## Provided data
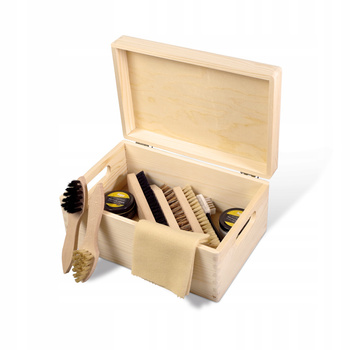 Zestaw do czyszczenia i pielęgnacji obuwia Kaps Shoe Care Box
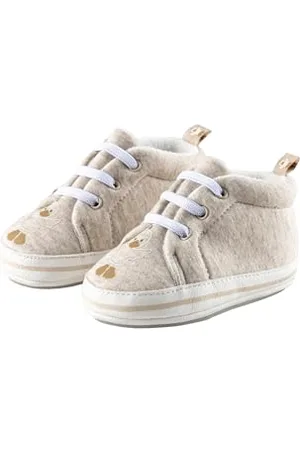 Sterntaler Unisex Baby Shoes Edda, beżowe, 22 EU, , 22 EU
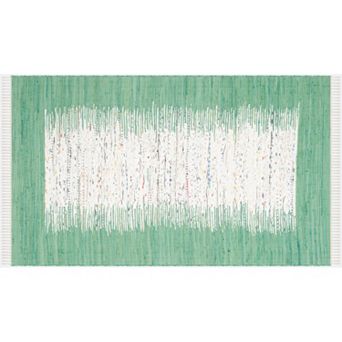 Safavieh Montauk Linden Abstract Handcrafted Flatweave Rug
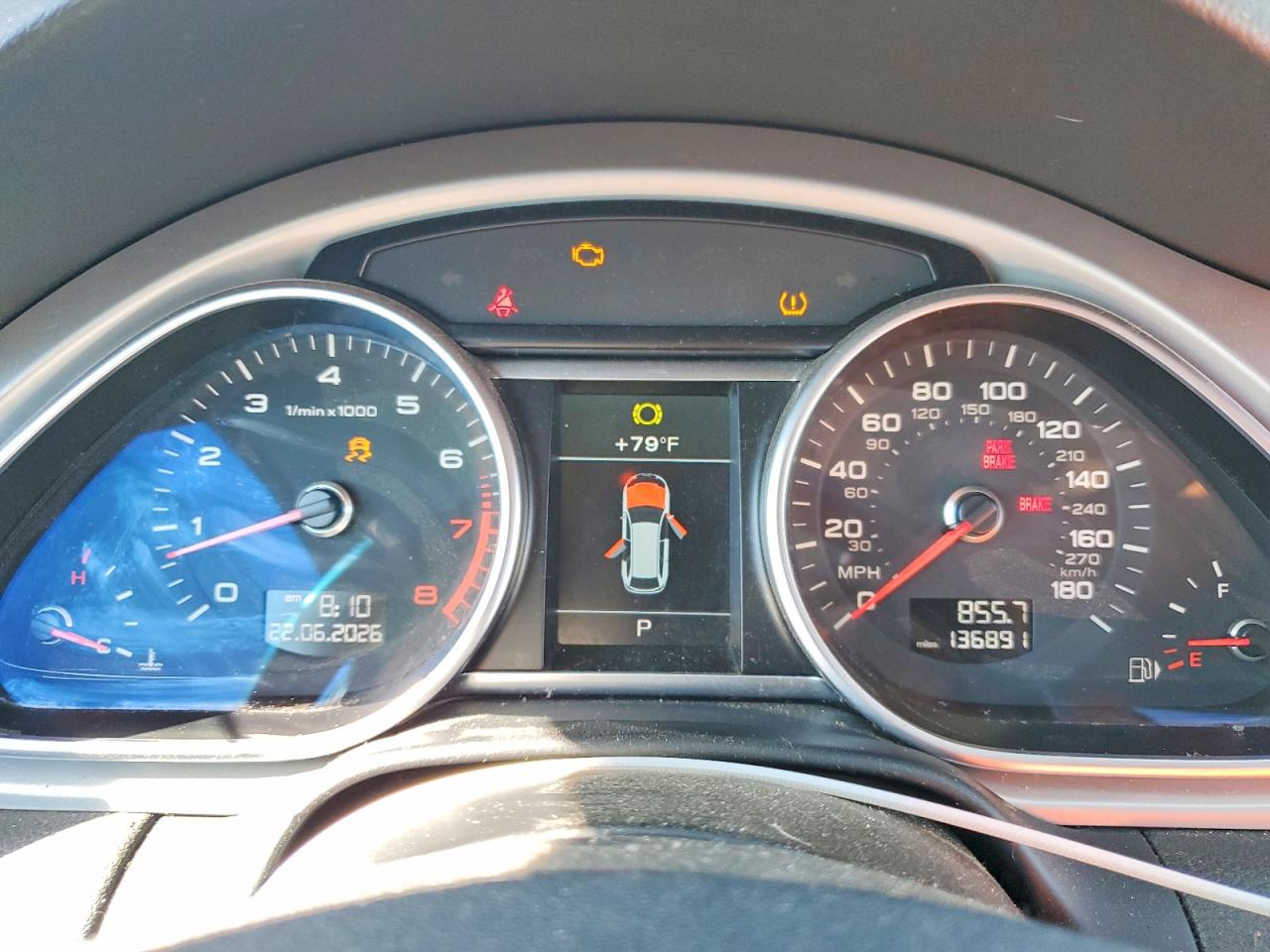 2012 Audi Q7 Premium Plus Gray vin: WA1LGAFE7CD004068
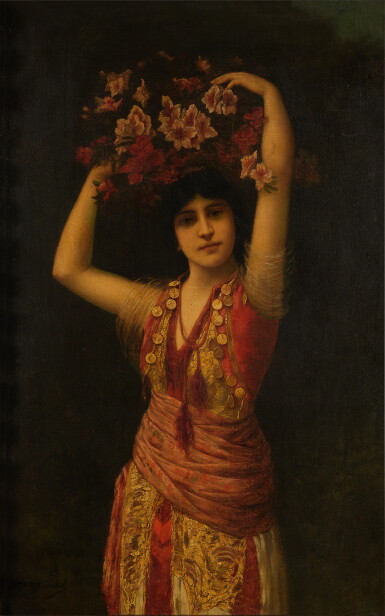 View full screen - View 1 of Lot 256. Woman with Basket.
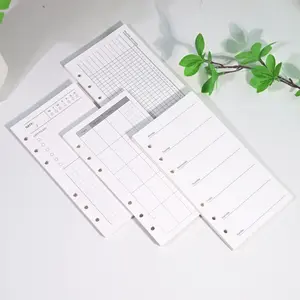 A6 Loose Leaf Productivity Planner Notebook, Daily Weekly Monthly Schedule Book, 6-Hole Refillable Inner Pages, Hand Account Diary Journal, Office Stationery Supplies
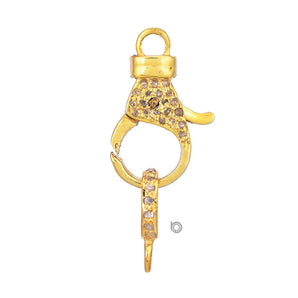 Pave Diamond Lobster Clasp, (DC-10)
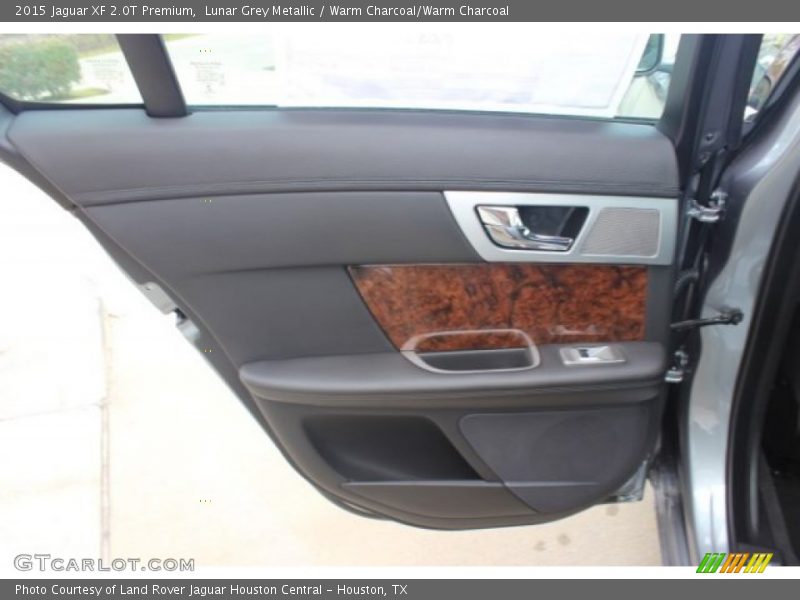 Lunar Grey Metallic / Warm Charcoal/Warm Charcoal 2015 Jaguar XF 2.0T Premium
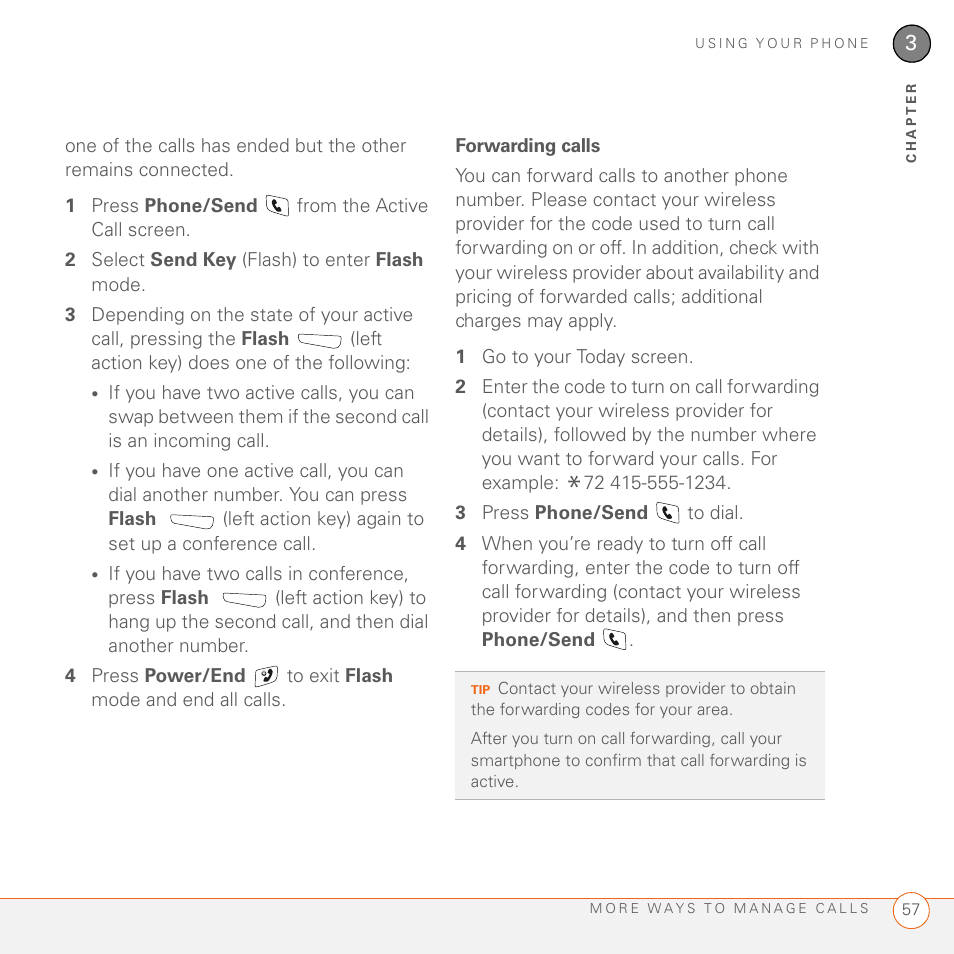 Forwarding calls, Icemail (see forwarding calls). t | Palm 700wx User Manual | Page 65 / 288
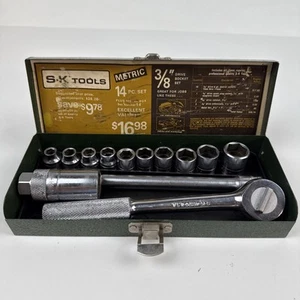 Juego de enchufes SK Tools 13 piezas 3/8 métricos vintage - Imagen 1 de 21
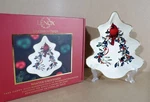 Lenox Winter Greetings Red Cardinal Christmas Candy Dish Catherine Mcclung 8.25". Fixed Price $14.99.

## Directions for this task
Retyping is limited to the line with "View full screen" and the lines after it in the material above; give them exactly and leave out the pictures.

## Solution for this exercise
 View full screen - View 1 of Lot 256. Woman with Basket.
 A6 Loose Leaf Productivity Planner Notebook, Daily Weekly Monthly Schedule Book, 6-Hole Refillable Inner Pages, Hand Account Diary Journal, Office Stationery Supplies
 Pave Diamond Lobster Clasp, (DC-10)
 Lunar Grey Metallic / Warm Charcoal/Warm Charcoal 2015 Jaguar XF 2.0T Premium
 Forwarding calls, Icemail (see forwarding calls). t | Palm 700wx User Manual | Page 65 / 288
 Juego de enchufes SK Tools 13 piezas 3/8 métricos vintage - Imagen 1 de 21
 Lenox Winter Greetings Red Cardinal Christmas Candy Dish Catherine Mcclung 8.25". Fixed Price $14.99.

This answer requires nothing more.